Intel will not manufacture tablets, but take its hardware blueprints and share them with their OEM partners.
Its current investors will also participate in the round, said sources, but Intel Capital and Advance, the owner of the Conde Nast publishing empire, make up a big part of the funding.
Sources said Intel Capital's investment is $20 million and Advance and others make up the rest of the new funding.
BoomTown reported in February that the much-funded and high-profile Silicon Valley start-up aimed at making tablet computers focused on students-was considering selling off the entire hardware part of the business.
Sources said Kno execs have recently decided that the quicker-than-expected uptake in tablet production by a multitude of powerful device makers had made its efforts to package a seamless offering less critical.
Instead, the company will focus on offering its robust software and services to students on the Apple iPad, as well as upcoming tablets based on Google's Android mobile operating system and others.
The move is a dramatic shift for the company, which had not shipped significant numbers of the student-focused touch-screen device as it has long touted.
In fact, Kno said in November that it would ship a $599 and $899 version of the tablet by the end of the year.
The lower price was for its single-screen device, while the clamshell double-screen version was more expensive.

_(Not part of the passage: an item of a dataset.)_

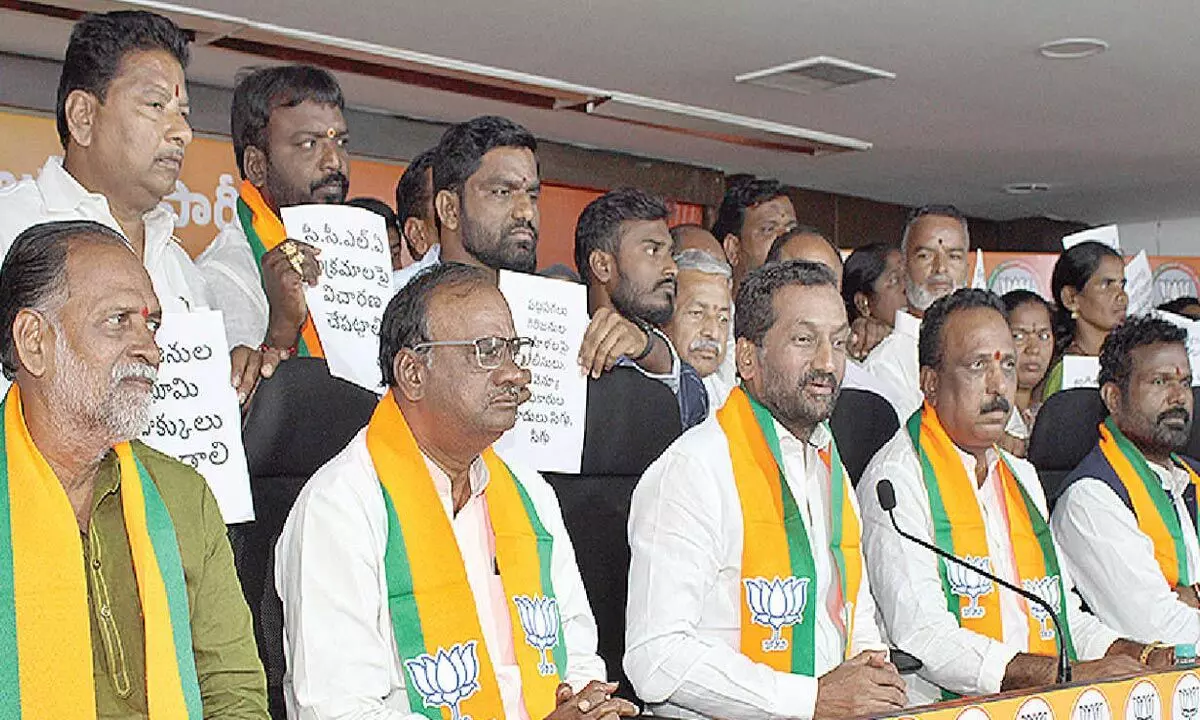 Medak police burning midnight oil aiding land grab: BJP MP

And, although it has been reported no pre-orders were fulfilled, Kno did indeed ship several hundred of them, built by China's Foxconn, before stopping doing so earlier this year.
Many have been dubious about Kno's ambitious hardware efforts.

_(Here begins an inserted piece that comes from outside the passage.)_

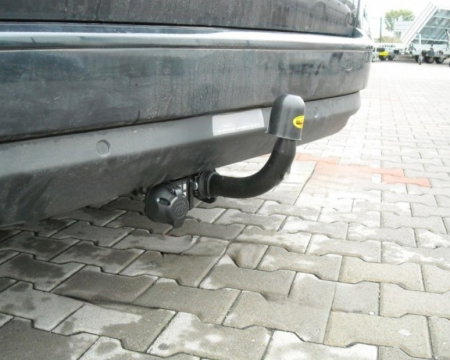 Citroen C5 combi dupa 2008 carlig de remorcare demontabil automat cu maneta marca Autohak [1]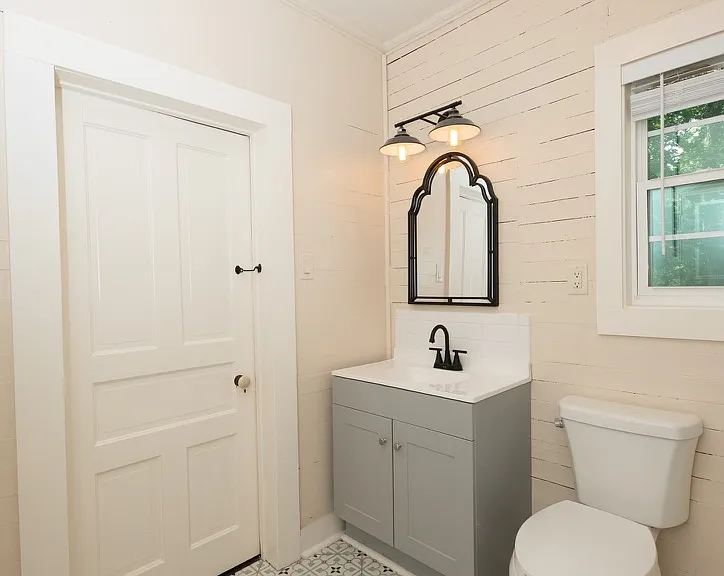 335 Husk Ln — Photo 8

That's because marketing a new and complex product like the Kno takes a lot of effort and cash, especially since the market for mobile and portable computing products is increasingly competitive and includes Apple, Microsoft, Hewlett-Packard, Google, Amazon, Dell, and many others.

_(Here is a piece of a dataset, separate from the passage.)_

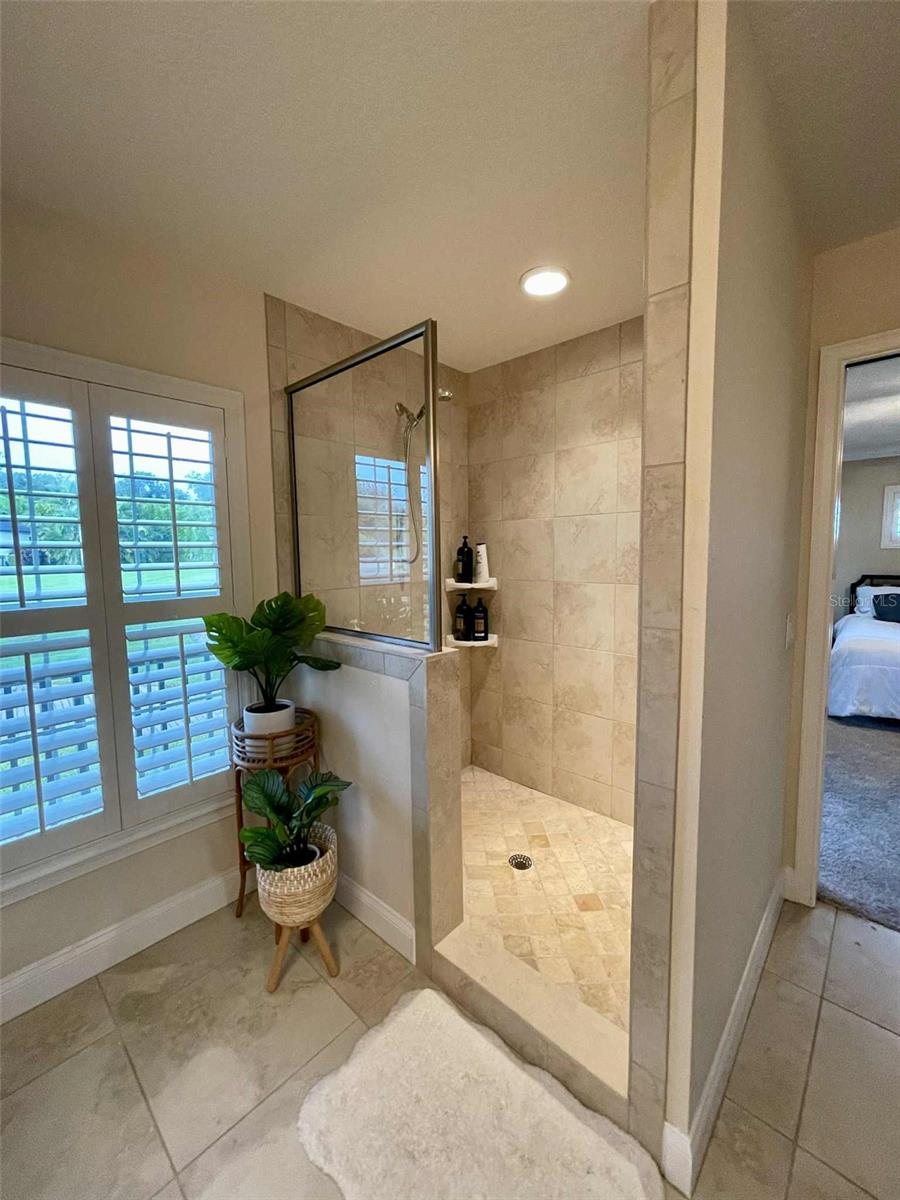 Image 15 of 49 For 2610 Grace Mnr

Its current backers include prominent venture players like Andreessen Horowitz and First Round Capital, along with investors Mike Maples and Ron Conway.
Sources said the shift to deliver textbooks and other student-related delivery systems would be a better path for all that investment money, since Kno has established a wide range of partnerships with colleges and universities.
In addition, Kno co-founder Osman Rashid has a lot of experience in the digital education market. He was also the co-founder of Chegg, the textbook rental business that is reportedly aiming for an IPO soon.
BusinessWeek is also reporting that Intel Capital was making the investment, but the post did not mention Advance's involvement or that Intel itself was taking over the hardware design business for Kno.